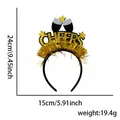 Festive black and gold glitter 'CHEERS' headband with stars and tinsel for New Year - Wine Glass Cheers Style / Black & Gold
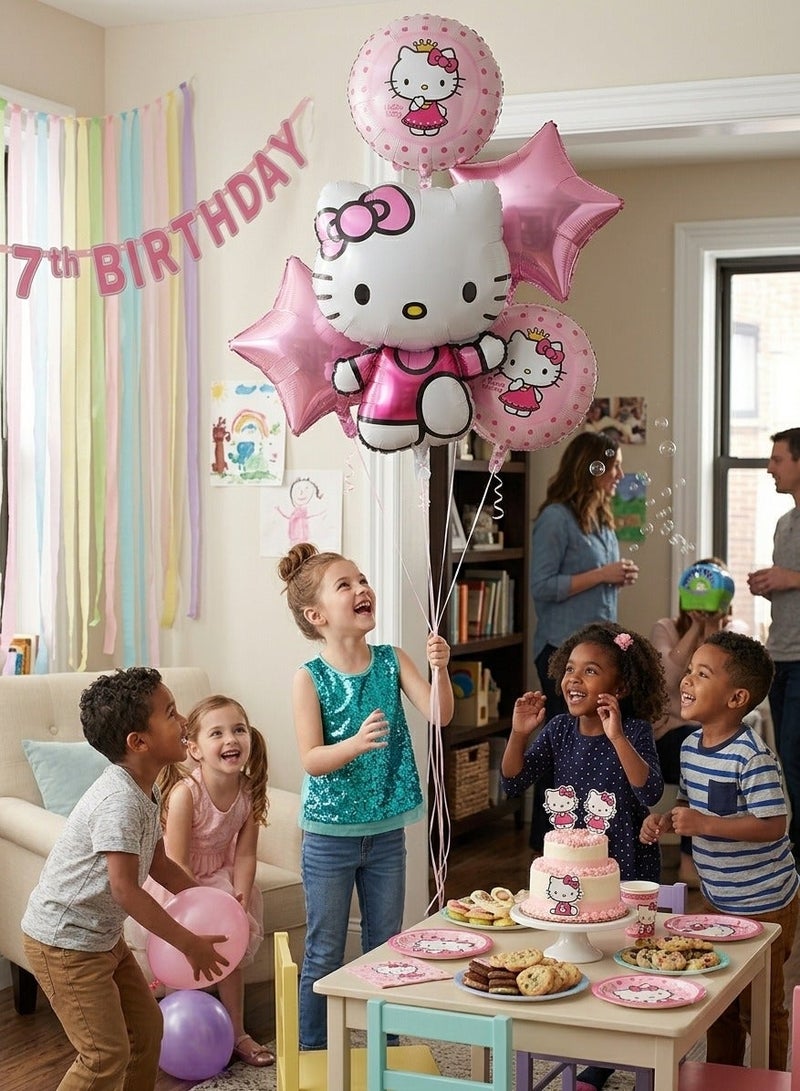 Hello Kitty Birthday Balloons Set – 5 Pieces Foil Balloons, Pink Stars & Hello Kitty Shapes for Girls Party Decoration - Image 2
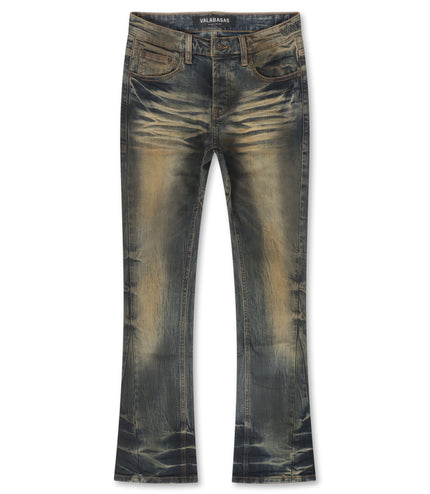 Valabasas Fax Stacked Denim Jeans - Yellow Vintage Blue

== Task details ==
Once the pictures are dropped, please print every remaining line of the material verbatim.

== Written solution ==
 Festive black and gold glitter 'CHEERS' headband with stars and tinsel for New Year - Wine Glass Cheers Style / Black & Gold
 Hello Kitty Birthday Balloons Set – 5 Pieces Foil Balloons, Pink Stars & Hello Kitty Shapes for Girls Party Decoration - Image 2
 Valabasas Fax Stacked Denim Jeans - Yellow Vintage Blue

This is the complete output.